Selon Vassougbè Méité, professeur de mathématiques au Lycée moderne de Bouaké, quartier-général des rebelles, dans le centre-nord du pays, les résultats au BAC pour cette session sont satisfaisants, en comparaison avec le niveau national. "Ce que je relève, c’est le côté psychologique où les élèves n’étaient pas prêts parce qu’ils ne savaient pas exactement s’ils allaient composer ou pas", explique-t-il à IPS.
Après l’échec d’une tentative de coup d’Etat, le 19 septembre 2002, des soldats avaient pris les armes pour s’opposer à l’exclusion présumée des populations du nord de la Côte d’Ivoire. Et depuis lors, les rebelles occupent la moitié nord de ce pays d’Afrique de l’ouest.
L’occupation de plusieurs zones n’a pas permis l’organisation d’examens scolaires pendant deux années consécutives. Ce qui a compromis l’avenir de plusieurs milliers d’enfants dans une zone où la scolarisation connaissait déjà des difficultés liées souvent à des raisons culturelles, indique le Fonds des Nations Unies pour l’enfance.
Avec le retard enregistré dans le cursus scolaire de ces milliers d’enfants, l’objectif de l’éducation universelle ne pourra probablement pas être réalisé en Côte d’Ivoire d’ici à 2015, selon un spécialiste de l’enseignement. Cet objectif fait partie des huit Objectifs du millénaire pour le développement (OMD) retenus par un sommet des dirigeants du monde, en 2000 aux Nations Unies.
Les autres OMD visent la réduction de moitié de la faim et l’extrême pauvreté, la diminution de la mortalité infantile de deux-tiers, la promotion de l’égalité de genre, et le recul de la propagation du SIDA et d’autres maladies qui font un assez grand nombre de victimes dans le monde en développement.
Après l’organisation des examens, les zones sous contrôle des rebelles sont confrontées désormais au manque d’enseignants et au faible taux de scolarisation des enfants. Malgré l’appel lancé par le ministère de l’Education nationale pour le retour des enseignants dans ces zones – avec des primes de motivation à l’appui -, beaucoup d’entre eux hésitent encore à y retourner.

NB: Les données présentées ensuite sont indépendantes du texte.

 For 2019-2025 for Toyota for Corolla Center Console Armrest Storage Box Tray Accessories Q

Ouattara, inspecteur de l’enseignement primaire, indique que dans sa circonscription scolaire qui compte près de 500 enseignants, seulement deux sont de retour et 200 sont encore absents. "Nous avons dû recruter 132 bénévoles qui sont à la charge des comités villageois de gestion qui leur octroient une prime mensuelle d’environ 58 dollars, et du Programme alimentaire mondial qui leur donne un sac de riz chaque mois", révèle-t-il. Et "le matériel didactique fait grandement défaut".
Pour la scolarisation des enfants au cours préparatoire (1ère année), l’inspecteur souligne que les parents restent réticents dans les villages. "Ils avancent que ceux qui vont actuellement à l’école ne passent pas d’examens, et nul ne sait le sort qui leur sera réservé. Alors, ce ne sont pas ceux qui entreront (à l’école) aujourd’hui qui pourront avoir un avenir certain", rapporte Ouattara à IPS. "Ainsi, les travaux champêtres sont de plus en plus privilégiés et des écoles ferment leurs portes".

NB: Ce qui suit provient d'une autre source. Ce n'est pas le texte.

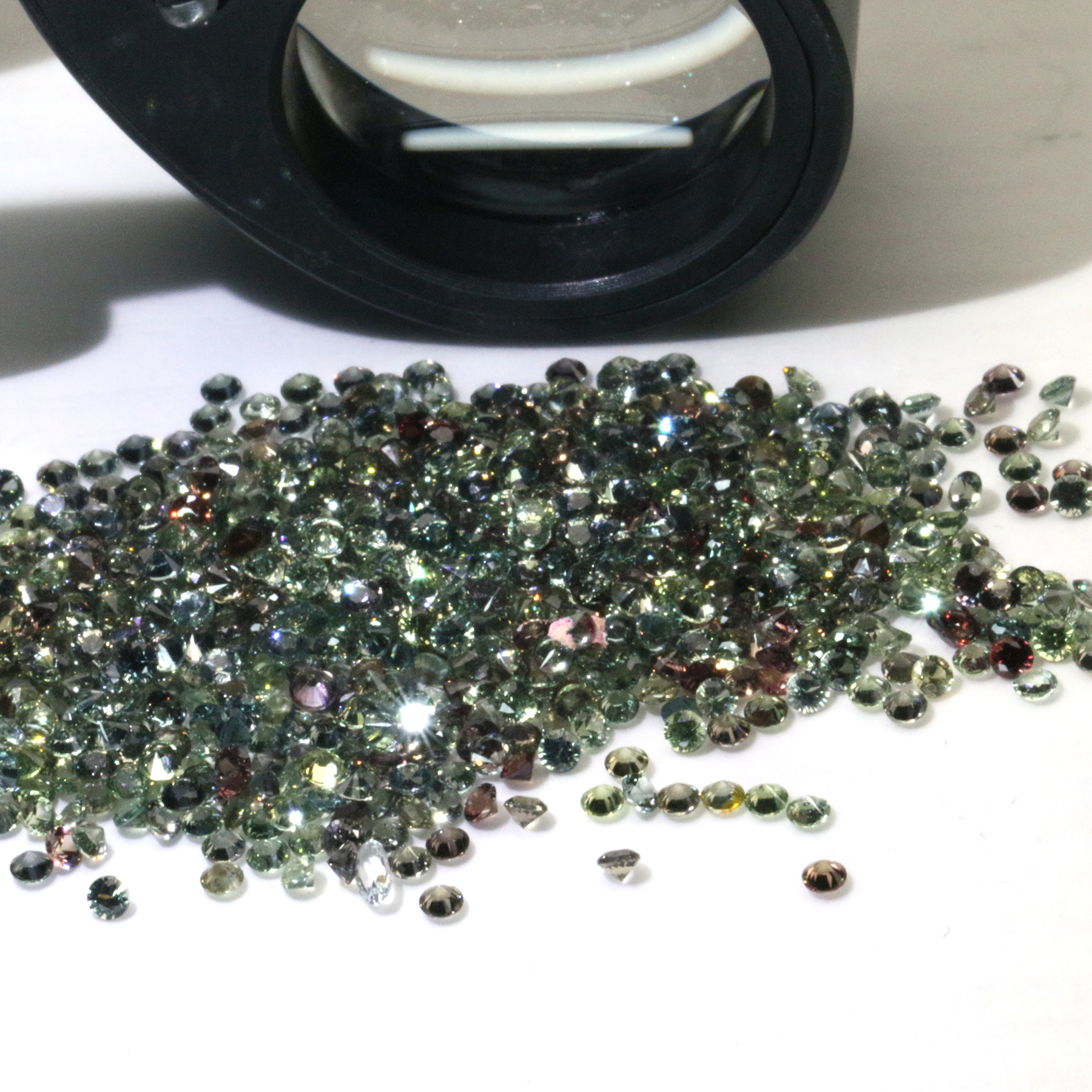 Natural green sapphire loose gemstone round shape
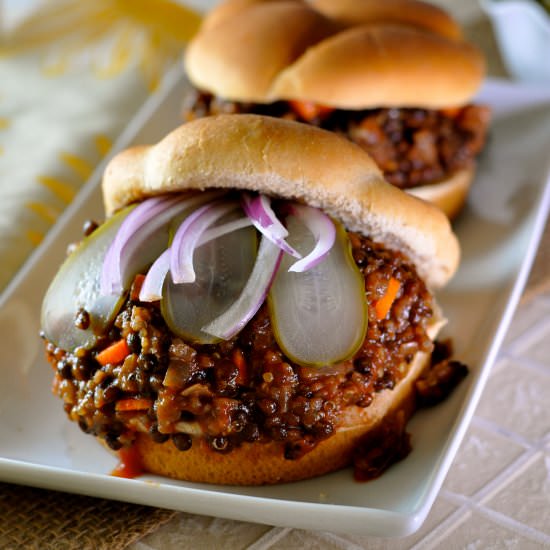 Lentil & Quinoa Sloppy Joe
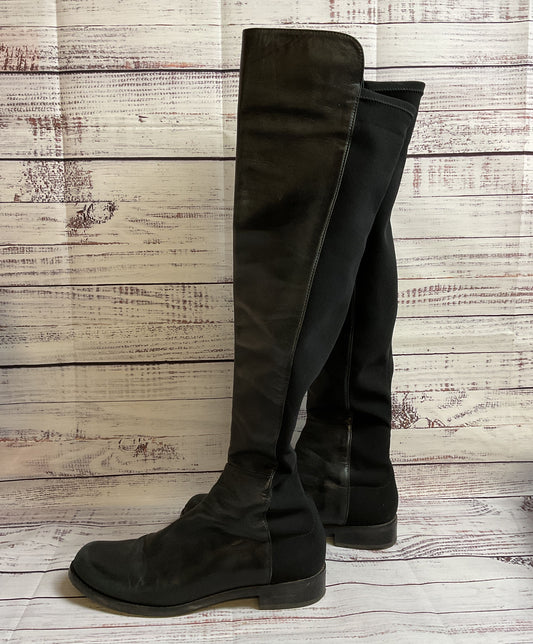 Stuart Weitzman Black Over-the-Knee Boot Women 8
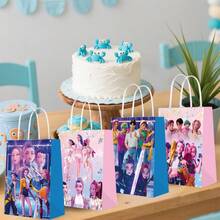 12个装 KPOP 女巫组合礼品袋、纸袋、手提袋、宝宝周岁生日礼品包装袋 - 随机发货 - 彩色 - 查看 3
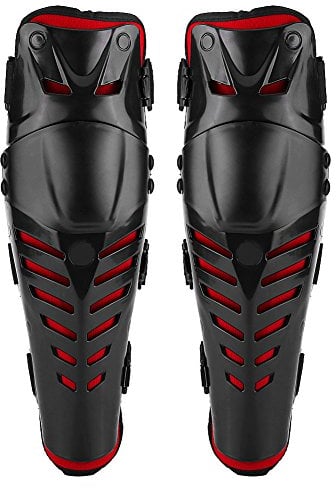 Akozon protection Motorrad Schienbeinschoner, 1 Paar Motorrad Racing Enforcer Erwachsene Knie- und Schienbeinschoner Knieschutz Schutzausrüstung Körperschutz Ersatz Zubehörteil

Selon Ouattara, l’organisation des examens scolaires, dans les zones rebelles, visait à sauvegarder l’année scolaire en cours (2005-2006). L’objectif ultime, dit-il, est de procéder à l’organisation commune, en zones gouvernementales et en zones rebelles, des examens de fin d’année et de faire une prochaine rentrée scolaire commune (2006-2007), si le processus de paix en cours aboutissait.
Un Premier ministre de transition, Charles Konan Banny, accepté par tous les protagonistes de la crise ivoirienne, a été désigné en décembre dernier par la communauté internationale. Sa mission principale est d’organiser l’élection présidentielle, avant le 31 octobre 2006, après le désarmement des combattants, l’identification du corps électoral, et la réunification du pays.